I have learnt that in the question of “Who am I writing for?”, I have to realise that I am writing for myself. It would be nice to be read by someone but the goal of my exertions is to engage in a sort of dialogue (in the Harold Bloom sense) with the writers I love and who have done me the tremendous honour and benefit of writing the books they have written. I am writing for them, to thank them, and to talk to them and their work. It is not necessary that I ever be read. It is necessary that I read and write well (writing being, after all, merely the completion and continuation of the process of reading).
Before I resolved the question of “Who am I writing for?” I went through lengthy doldrums. I considered and planned on ways to kill myself. I imagined giving up everything, focusing on securing a career and never touching a book again. I remember the late nights and the physical and emotional pain. I recall wanting very seriously and very urgently to do away with myself. I recall crying as I wrote and wishing someone would help me achieve prose of a kind that would not dishonour everything I hold dear and that would not reveal me to have not only failed myself in this pursuit but also squandered my life as a whole and jeopardised my entire future. I recall panic attacks, heart palpitations and feeling that my body would shut itself down. I recall anguish, feelings of inferiority, hopelessness, despair.
I have learnt that burn-out is a very real phenomenon.
I have never worked as hard as I have done this year. I have never exerted myself to this extent. I have never before watched my body wither under the pall of an obscure but resonant dream. Now that I know what it takes to be a writer (that is, someone who writes—I don’t know how to be one who is paid to write), I know that it’s the only life I can aspire to and remain true to the deepest movements of my spirit.

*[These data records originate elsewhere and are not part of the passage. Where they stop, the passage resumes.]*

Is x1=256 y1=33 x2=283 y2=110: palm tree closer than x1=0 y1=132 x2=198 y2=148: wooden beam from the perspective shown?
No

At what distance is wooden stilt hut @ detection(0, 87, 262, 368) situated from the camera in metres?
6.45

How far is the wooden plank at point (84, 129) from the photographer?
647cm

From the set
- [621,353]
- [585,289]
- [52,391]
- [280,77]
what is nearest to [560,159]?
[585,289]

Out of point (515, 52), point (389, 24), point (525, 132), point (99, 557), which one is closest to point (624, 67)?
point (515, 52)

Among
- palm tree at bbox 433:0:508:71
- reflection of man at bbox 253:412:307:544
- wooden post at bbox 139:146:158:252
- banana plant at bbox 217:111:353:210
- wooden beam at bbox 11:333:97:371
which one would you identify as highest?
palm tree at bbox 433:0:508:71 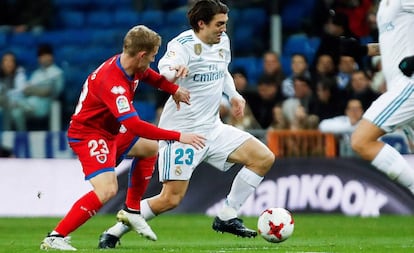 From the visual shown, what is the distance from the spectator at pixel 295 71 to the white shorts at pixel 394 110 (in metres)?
7.65

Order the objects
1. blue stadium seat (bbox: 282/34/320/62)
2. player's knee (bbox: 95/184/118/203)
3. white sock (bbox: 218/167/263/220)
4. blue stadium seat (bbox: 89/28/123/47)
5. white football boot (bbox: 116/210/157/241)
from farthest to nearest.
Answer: blue stadium seat (bbox: 89/28/123/47)
blue stadium seat (bbox: 282/34/320/62)
white sock (bbox: 218/167/263/220)
white football boot (bbox: 116/210/157/241)
player's knee (bbox: 95/184/118/203)

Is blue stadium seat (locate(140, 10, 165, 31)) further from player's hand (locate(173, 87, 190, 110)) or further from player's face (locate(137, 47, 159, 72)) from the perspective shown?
player's face (locate(137, 47, 159, 72))

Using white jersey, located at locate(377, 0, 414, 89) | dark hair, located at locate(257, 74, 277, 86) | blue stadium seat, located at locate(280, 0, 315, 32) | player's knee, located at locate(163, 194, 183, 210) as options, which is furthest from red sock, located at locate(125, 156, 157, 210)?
blue stadium seat, located at locate(280, 0, 315, 32)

I have learnt that I want to write another novel. But before that I want to spend this month revising my current manuscript in order to get it to the length and scope that I had originally intended.
I have learnt that writing is only pain. There is nothing else to it except the beauty that is paradoxically inherent to all genuine human suffering.
I have learnt that I can create something and be reservedly proud of it in spite of its flaws and my failings.